Cinco meses depois da realização da primeira edição, o “Mercado da Madalena – Saberes e Sabores Artesanais” continua de “pedra e cal” a realizar-se no segundo e quarto sábados de cada mês.

 

Cebolas, alfaces, batatas, pão, vinho, licores, compotas e artesanato são alguns dos muitos produtos que podem ser encontrados duas vezes por mês no Largo de São Roque, na freguesia da Madalena, numa iniciativa que pretende apoiar os produtores na venda dos seus produtos, sendo também mais um contributo para o progresso da economia da região.
“Há muito tempo que tínhamos a ideia de fazer um mercado, já mesmo antes de assumirmos as rédeas do executivo da freguesia, porque é uma forma de conseguirmos implementar aqui uma dinâmica diferente. Também porque achamos que o mercado das quartas-feiras, o semanal que existe na nossa cidade, não é suficiente para abranger todo o público, até porque muitos flavienses trabalham nesse dia, e assim é mais uma hipótese que as pessoas têm para comprar e que os produtores regionais têm para escoar o produto”, destacou João Pinto, presidente da Junta de Freguesia da Madalena e Samaiões.
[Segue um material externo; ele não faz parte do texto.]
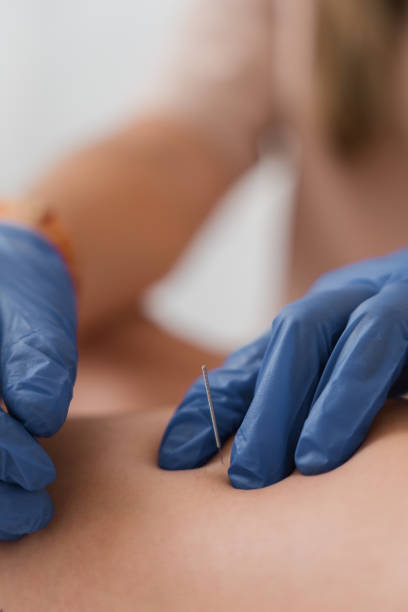 istock Physiotherapist applying dry needling therapy to patient's back 2182351459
O responsável sublinhou ainda que este mercado não foi criado com o intuito de fazer concorrência à “Feira das Varandas”, que se realiza junto ao Tribunal no primeiro e terceiro sábados de cada mês: “Nunca foi nossa intenção copiar, mas sim acrescentar. Nós achamos que temos aqui um espaço fantástico. O Largo de São Roque tem uma envolvência boa, temos aqui o rio Tâmega, a Capela de São Roque, temos este largo arborizado, com relvado, as pessoas podem estar protegidas do sol, e os mercadores sentem-se bem aqui porque é um local tradicional”.
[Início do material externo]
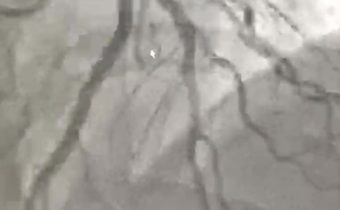 IAM anterior fibrinolizado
Um dos maiores desígnios do atual executivo desta Junta de Freguesia é atrair mais pessoas até àquela margem do rio Tâmega, e esta iniciativa tem ajudado a cumprir esse objetivo, verificando-se uma boa adesão ao mercado.
“Fico feliz que as pessoas venham visitar a Madalena. Durante muitos anos esta freguesia foi esquecida e merece muita atividade, merece ter mais vida. É um sítio bonito, muito emblemático, onde temos o Jardim Público, a Ponte Romana mesmo aqui junto ao mercado. E gostava que as pessoas acabassem com o ceticismo de passarem a Ponte Romana porque esta zona também é centro da cidade”, concluiu.